Había pasado media hora cuando seis carlistas salieron arriesgadamente de entre los árboles que los cubrían y, zigzagueando entre los proyectiles, cruzaron el espacio abierto que los separaba de los británicos, lanzaron estos una descarga de fusilería, pero no derribaron a ninguno, de modo que se decidieron a atacarlos a la bayoneta. Una compañía de granaderos de Westminster que mandaba el capitán Fitzgerald los siguió hasta el mismo bosque y penetró en él. Los carlistas optaron por una nueva retirada hacia Maturana. Fitzgerald recibió un balazo en una pierna.

Los ingleses continuaron la persecución entre los robles y arbustos del bosque, pero una llamada de trompeta los hizo regresar a Mendíjur. Evans no quería provocar un combate formal con las tropas carlistas, aunque sabía que este era el deseo del general Villarreal.
La tarde transcurrió entre pequeñas escaramuzas y disparos de guerrillas. Al anochecer, las fuerzas británicas se dispusieron a pernoctar en los pueblos ocupados.
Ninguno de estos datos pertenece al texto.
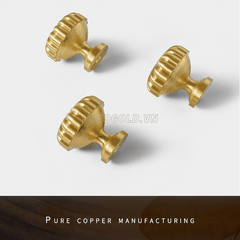 Núm Tủ Tròn Đồng Nguyên Chất BHG72 Eurogold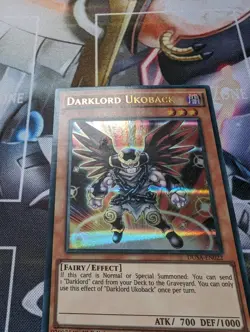 Darklord Ukoback DUSA-EN022 Yu-Gi-Oh! Card Ultra Rare 1st Edition - Image 2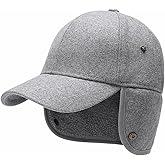 Large XL Trapper Trooper Hunting Warm Ear Wool Felt Baseball Cap Women Winter Ski Fleece Earflap Big Head Men Bomber Hats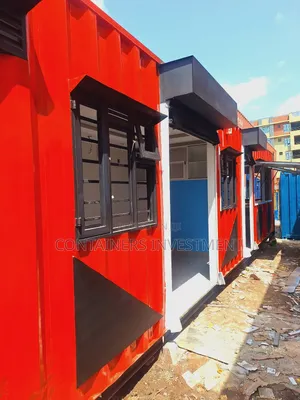 Custom 40ft Container With Kitchen + Barbershop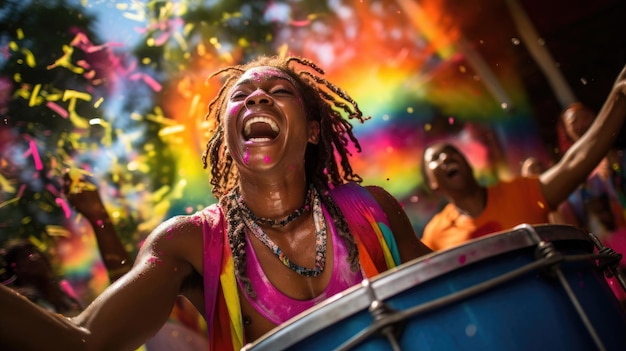 Trinidadian Steelpan Player with Infectious Rhythms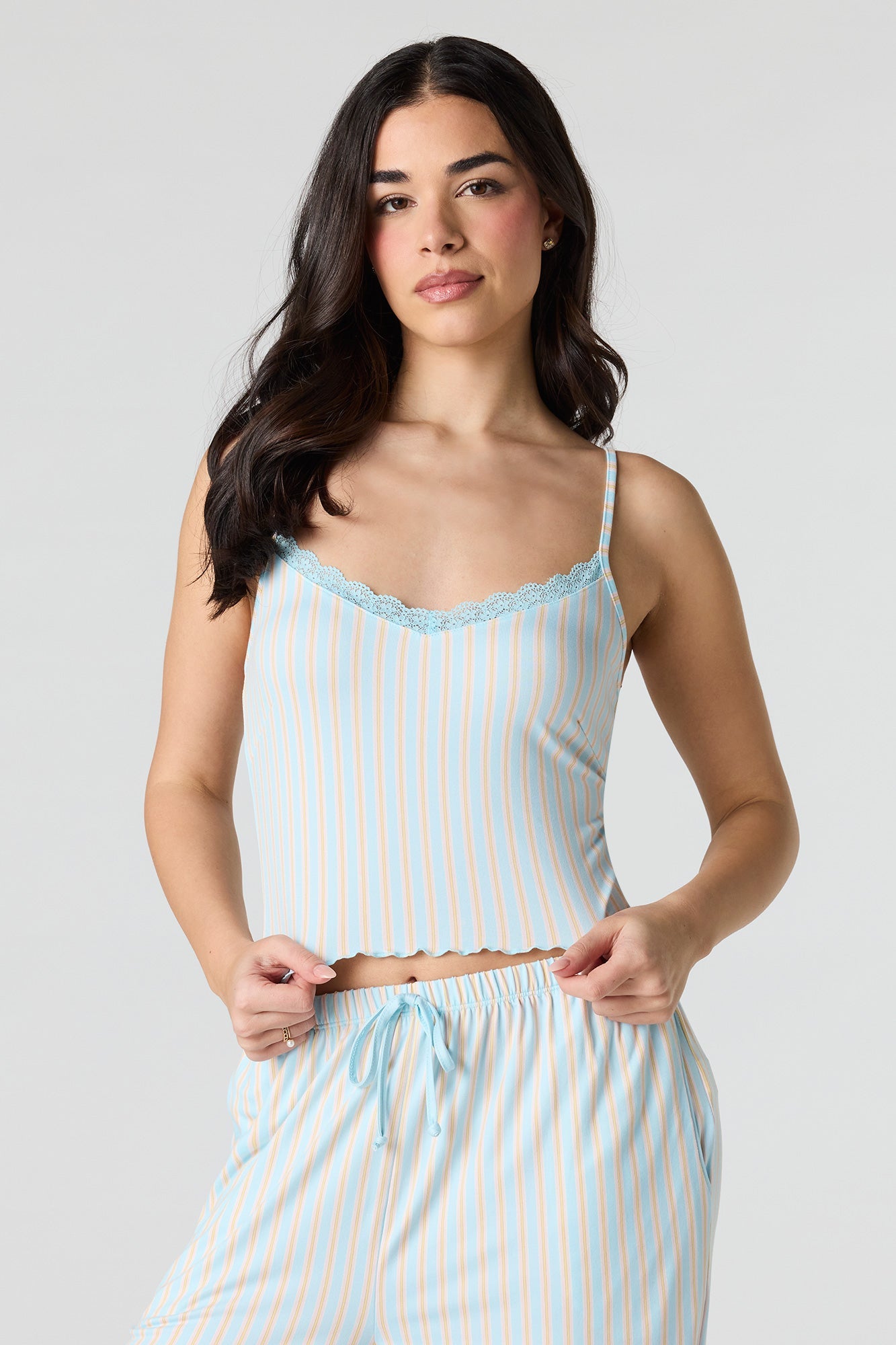 Lace Tank & Pant Pajama Set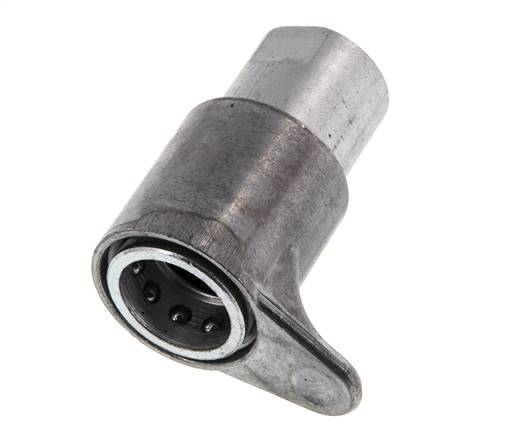 Stalen DN 12.5 Hydraulische Koppeling Snelkoppeling M22x1.5 Binnendraad ISO 7241-1 A UNIMOG D 20.5mm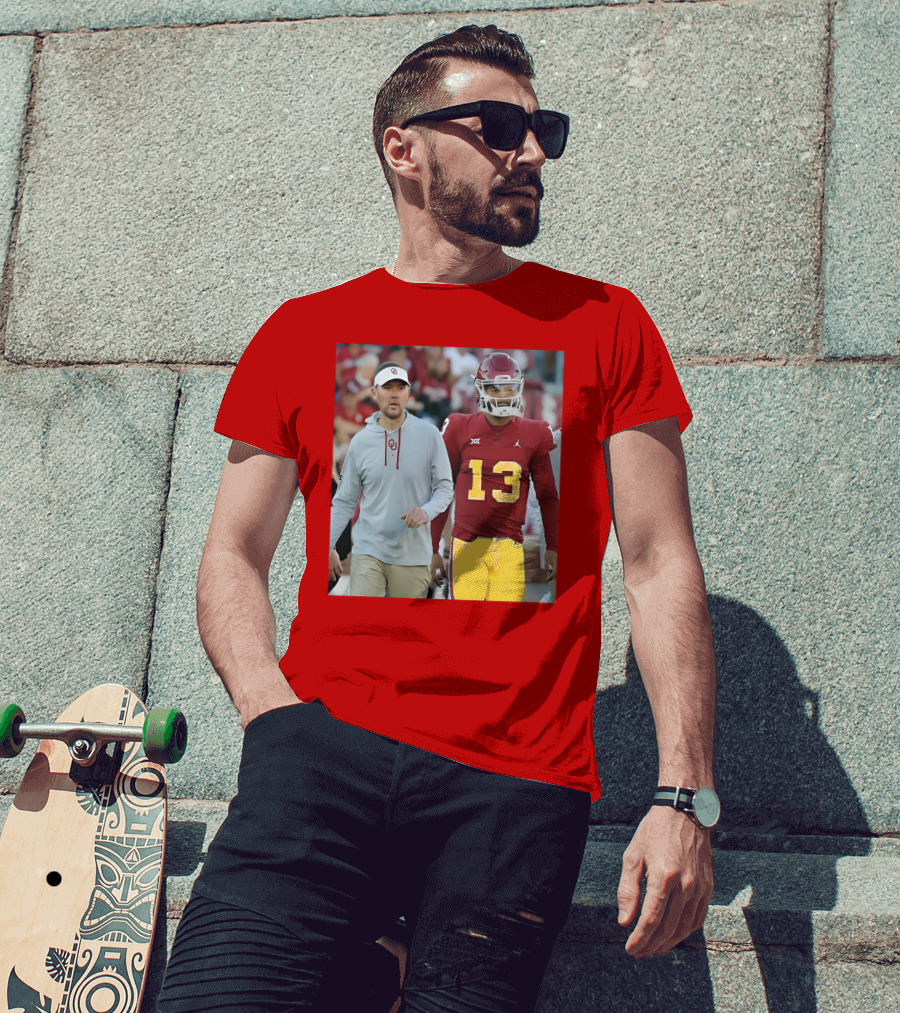 Caleb Williams And Spencer Rattler Oklahoma Football Showdown T-Shirt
El 17 de enero, desde las primeras horas del día se escuchó fuego continuado a la izquierda, en la dirección en que Córdoba se hallaba. Todo el paisaje estaba dominado por una niebla espesa y fría que anquilosó las operaciones. Ocultos en ella, los legionarios avanzaron lentamente hacia el pueblo de Azúa, que ocupó el RI-2 británico. También se apoderaron de cuatro puentes sobre el río Zadorra y de varias colinas próximas a Zuazo y Marieta.
Evans no recibió aquel día instrucciones del general en jefe, aunque las columnas de uno y otro se encontraban a menos de siete kilómetros. Cuando oscureció continuaba aún la niebla. Tuvieron que pasar al raso aquellas noches extremadamente gélidas. La única defensa contra el frío eran las hogueras, pero como la nieve cubría el monte desde muchos días atrás, la mayor parte de la madera estaba mojada e inservible. Hubo que talar bastantes robles, que pronto quedaron reducidos a astillas. Encendieron así innumerables hogueras que, al centellear en la oscuridad de la noche, daban un hermoso y singular aspecto al paisaje de aquellas montañas. Para la tropa aquellas noches fueron de intenso frío y prolongada vela. Era difícil conciliar el sueño en tales circunstancias.
El 18 de enero, transcurrían las horas sin ver ni saber nada en absoluto de las columnas mandadas por Espartero y Córdoba. Los carlistas también parecían haberse alejado del escenario. Solo la niebla y la nieve les rodeaba.
A las ocho de la noche, Evans no pudo contener su impaciencia y decidió acudir personalmente a comprobar la situación de la batalla en la zona central. Tomó un escuadrón de lanceros y un guía y partió al galope con varios miembros de su Estado Mayor. Llevaban una hora cabalgando entre la bruma helada cuando de improviso toparon con la retaguardia de las fuerzas de Córdoba, que se retiraba hacia Vitoria. Los oficiales británicos no podían creer lo que estaban viendo. Pero el general en jefe les confirmó el repliegue general: los planes sobre Arlabán habían quedado cancelados.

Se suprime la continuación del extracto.